As for uniforms, wash or rinse them as soon as possible. Even leaving them outside in fresh air can do wonders. But do not ever leave a wet kit in your bag overnight, the smell will spread to everything you own and can permanently affect anything else it touches.
12) Try New Things and Take Risks
Your first sessions may feel like you’re in survival mode. However, once you start to feel comfortable or when you find an appropriate partner, try to execute what you learned in your most recent lessons. This is the best way to fully grasp a technique; by finding out how it works in practice, what issues arise, and how to improve on it.
It’s also an excellent opportunity to take a couple of risks. Yes, sometimes risks have unfavorable consequences, but they can also be rewarded. Risks win fights all the time. You’ll begin to learn which ones pay off and start developing your own system that works for you within the framework of your gym’s style. Nothing ventured, nothing gained.
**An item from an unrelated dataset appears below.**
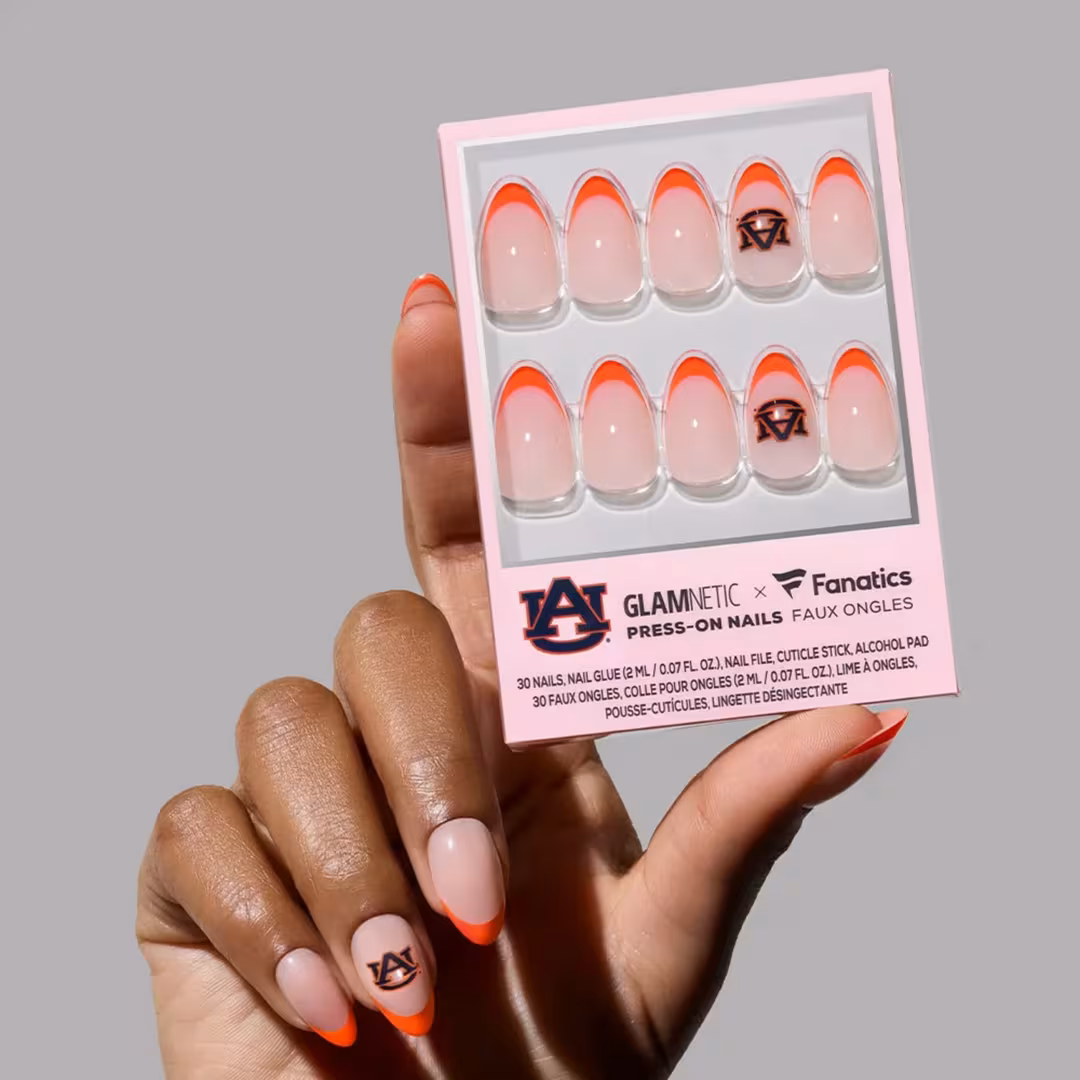 Glamnetic x Fanatics Nail  Auburn Tigers Press-On Nails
We’ve all been there. The fear, the nerves, the awkwardness. These feelings are totally normal and shouldn’t be a deterrent to your participation in a martial art or its sparring sessions. If you ever plan to compete, these sessions are a goldmine of knowledge.
Even if you only ever intend to train recreationally, to get the most out of the time you’ve invested, get down to sparring. Even once or twice a month will see you improve dramatically. Part of developing the mind and spirit of a Martial Artist is to put yourself in pressured situations and truly see what you are made of. I hope you’ll rise up and meet the challenge.